The Pacific Maritime Association has filed an unfair labor practices grievance against local dockworkers for their refusal to complete implementation of an automated dispatch system.

The PMA, which represents major shipping lines, charged that the International Longshore and Warehouse Union Local 13, which represents 6,000 dockworkers at the Los Angeles and Long Beach ports, refused to implement the third and final phase of the system designed to enhance job efficiency.

The equipment is designed to expediently issue dock assignments for longshoremen, notifying them what time and place they are to work that day.

Under the decades-old current system, workers' assignments are written out by hand on a chalkboard at the dispatch hall. The time-consuming process often causes workers to arrive an hour or more late to the terminals.

Although the union voted down implementation by a 2-to-1 margin in 1999, arbitrator John Pandora sided with the PMA's appeal of the vote last summer and ordered the system installed.

"The union is not following through with the arbitrator's decision," said PMA spokeswoman Abbie Granger, on why the grievance was filed. "Clearly it would improve efficiency and get more people to work on time."

Local 13 claims that it can't complete installation of the system until certain issues are resolved, such as how many electronic screens and dispatch windows would be open daily.

But George Cunningham, an industry analyst, called the union's stance a smokescreen to get back at the PMA for rejecting David Arian, a former Local 13 and ILWU president, as the new arbitrator to replace Pandora, who died a few months ago.

"(Arian) was a very militant union official," said Cunningham. "The employers (represented by PMA) don't have a level of comfort with Arian as an arbitrator helping to settle disputes between the two sides."

Arbitrators are called to the waterfront to settle labor disputes that result in a work stoppage.

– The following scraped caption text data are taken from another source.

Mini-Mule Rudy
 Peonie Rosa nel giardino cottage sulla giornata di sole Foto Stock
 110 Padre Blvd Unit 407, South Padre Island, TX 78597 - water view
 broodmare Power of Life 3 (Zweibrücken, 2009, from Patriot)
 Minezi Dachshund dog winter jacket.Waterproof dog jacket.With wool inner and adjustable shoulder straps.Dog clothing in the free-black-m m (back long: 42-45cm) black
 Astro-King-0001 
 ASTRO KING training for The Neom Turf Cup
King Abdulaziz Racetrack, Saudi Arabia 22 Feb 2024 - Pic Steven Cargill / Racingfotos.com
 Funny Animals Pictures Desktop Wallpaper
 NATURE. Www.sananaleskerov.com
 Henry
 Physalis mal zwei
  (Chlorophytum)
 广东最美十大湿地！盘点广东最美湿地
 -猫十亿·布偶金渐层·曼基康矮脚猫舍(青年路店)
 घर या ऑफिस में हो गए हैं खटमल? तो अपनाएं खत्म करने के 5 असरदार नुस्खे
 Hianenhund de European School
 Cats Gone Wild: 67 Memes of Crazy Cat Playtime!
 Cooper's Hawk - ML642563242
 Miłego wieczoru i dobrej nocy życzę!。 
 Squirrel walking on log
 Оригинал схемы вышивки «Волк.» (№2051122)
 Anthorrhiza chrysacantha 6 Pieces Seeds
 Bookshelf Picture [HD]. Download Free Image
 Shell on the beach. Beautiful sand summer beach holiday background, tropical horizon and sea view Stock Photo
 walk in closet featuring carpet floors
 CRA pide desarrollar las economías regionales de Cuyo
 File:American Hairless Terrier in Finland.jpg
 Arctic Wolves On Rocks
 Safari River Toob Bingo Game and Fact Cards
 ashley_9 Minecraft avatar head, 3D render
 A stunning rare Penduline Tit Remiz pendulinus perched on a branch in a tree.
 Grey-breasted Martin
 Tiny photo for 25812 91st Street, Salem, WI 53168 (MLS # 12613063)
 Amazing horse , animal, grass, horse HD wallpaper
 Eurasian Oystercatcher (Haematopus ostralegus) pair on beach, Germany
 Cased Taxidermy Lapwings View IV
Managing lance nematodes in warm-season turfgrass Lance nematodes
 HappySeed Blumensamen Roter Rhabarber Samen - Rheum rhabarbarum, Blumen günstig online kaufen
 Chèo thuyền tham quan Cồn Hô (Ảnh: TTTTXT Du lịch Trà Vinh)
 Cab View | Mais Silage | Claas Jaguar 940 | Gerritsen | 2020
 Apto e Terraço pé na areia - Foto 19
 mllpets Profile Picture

Because both sides must agree on who the arbitrator will be, decisions by arbitrators are nearly always abided by the entity he rules against.

No date for the grievance hearing has been set.

Local 13 President Ramon Ponce de Leon and Secretary-Treasurer George Lujan did not return repeated calls made to their office.

The PMA has yet to nominate its choice for Pandora's replacement.

Technological advances such as the automated system are expected to emerge as a central bargaining issue in the next contract negotiations, which PMA President Joe Miniace wants to initiate as soon as possible, even through the union's current three-year contract doesn't expire until July 1, 2002. Union members fear that technological advances might ultimately reduce the number of future job openings.

Cunningham said the current automated-system dispute is unlikely to affect how soon contract negotiations begin because the union does not want to enter into early negotiations anyway.

Delaying talks would enhance the union's bargaining position, he said.